▸ **YOUR GOAL**:
Your answer must be the exact lines below, starting with the line with "BMW 2 SERIES" and going on through the line with "valor da fortuna de eduardo costa", both included, with no pictures.

▸ **MATERIAL SUPPLIED**:
========================================================================

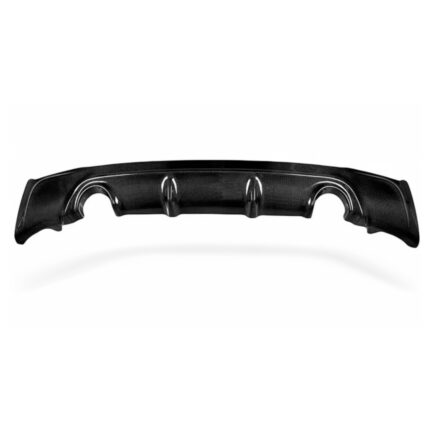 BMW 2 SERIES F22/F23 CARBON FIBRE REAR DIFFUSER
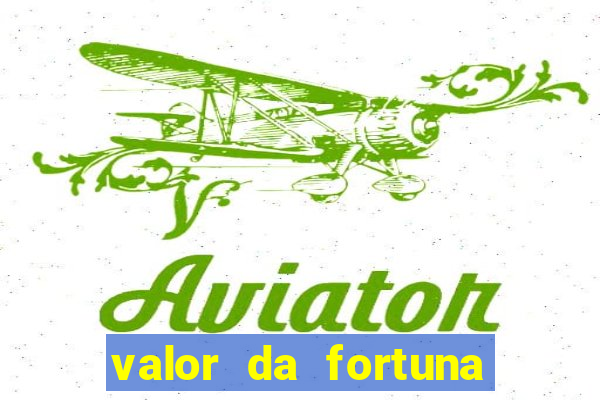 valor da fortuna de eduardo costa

========================================================================

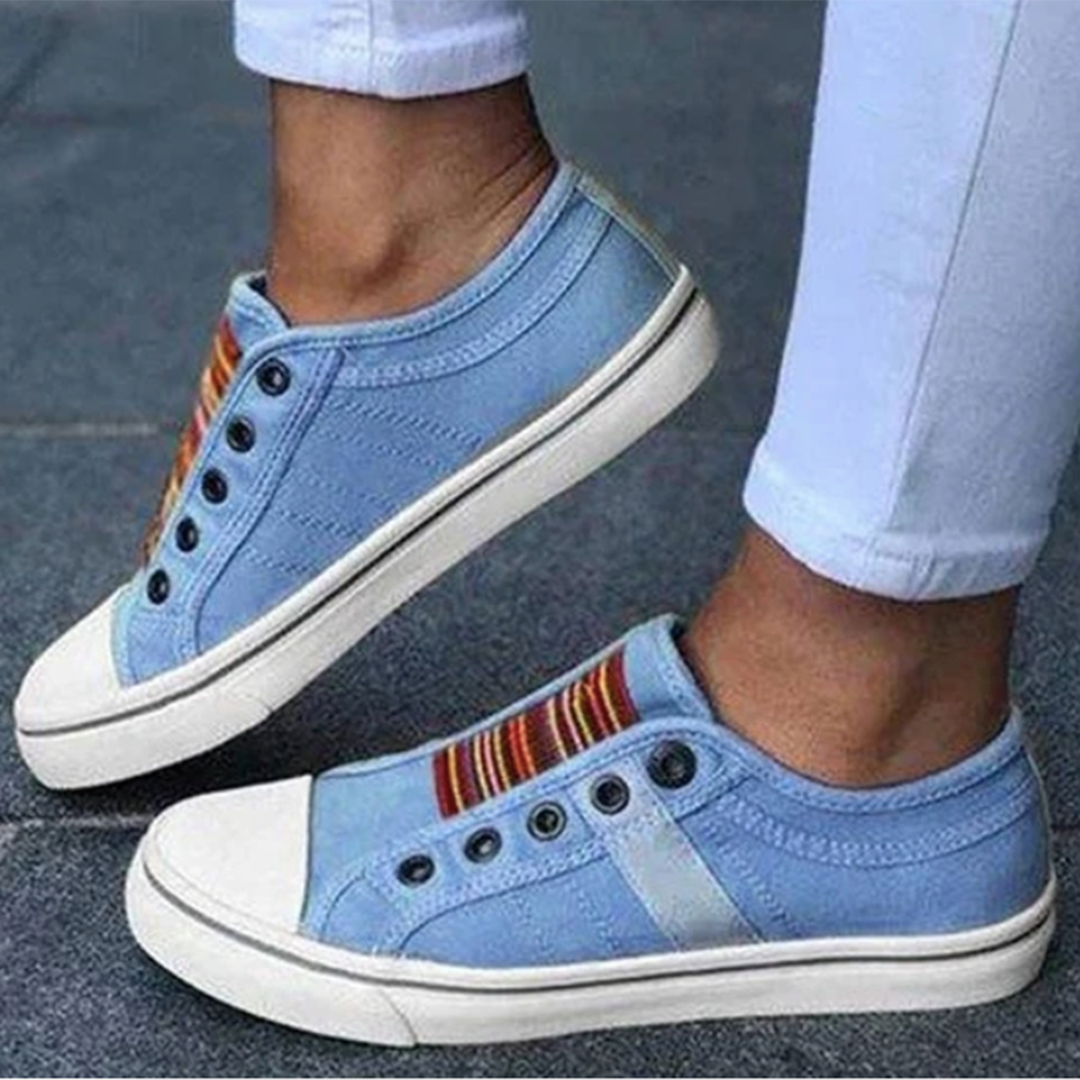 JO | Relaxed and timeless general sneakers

========================================================================

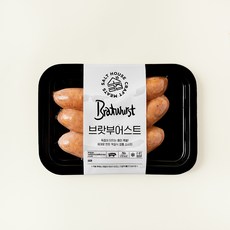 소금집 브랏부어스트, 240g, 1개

========================================================================

▸ **SOLUTION TO THIS PROBLEM**:
 BMW 2 SERIES F22/F23 CARBON FIBRE REAR DIFFUSER
 valor da fortuna de eduardo costa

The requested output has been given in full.